About this task
Would you reproduce the whole listing exactly, minus its images?

Material provided

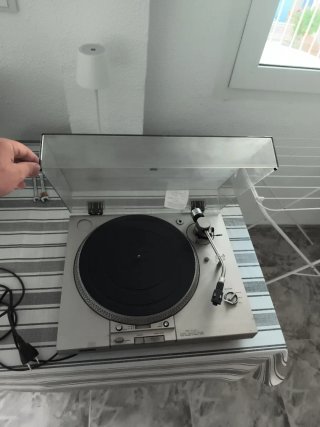 Tocadiscos Sony PS-T20.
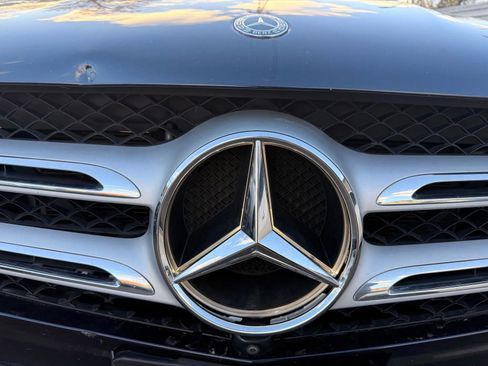 Used 2019 Mercedes-Benz GLC 300 4MATIC w/ Multimedia Package image 34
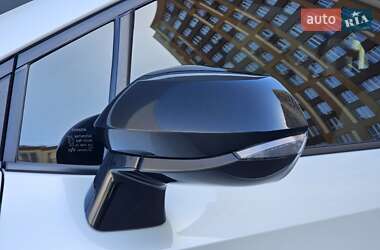 Хэтчбек Toyota Corolla 2018 в 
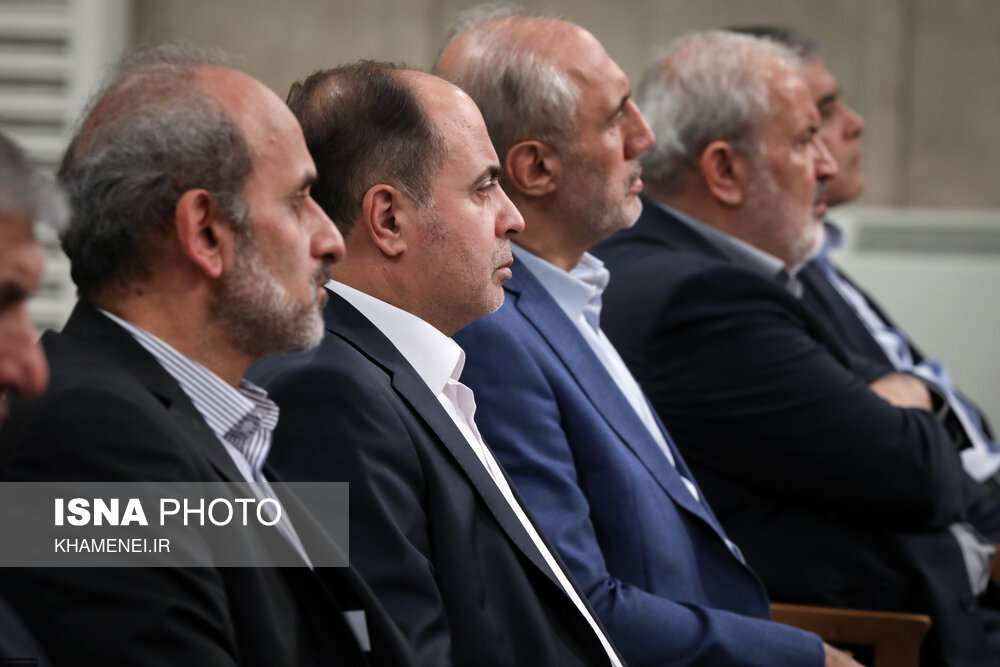 دیدار رئیس‌جمهور و اعضای هیئت دولت با رهبر انقلاب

Task answer
 Tocadiscos Sony PS-T20.
 Used 2019 Mercedes-Benz GLC 300 4MATIC w/ Multimedia Package image 34
 Хэтчбек Toyota Corolla 2018 в 
 دیدار رئیس‌جمهور و اعضای هیئت دولت با رهبر انقلاب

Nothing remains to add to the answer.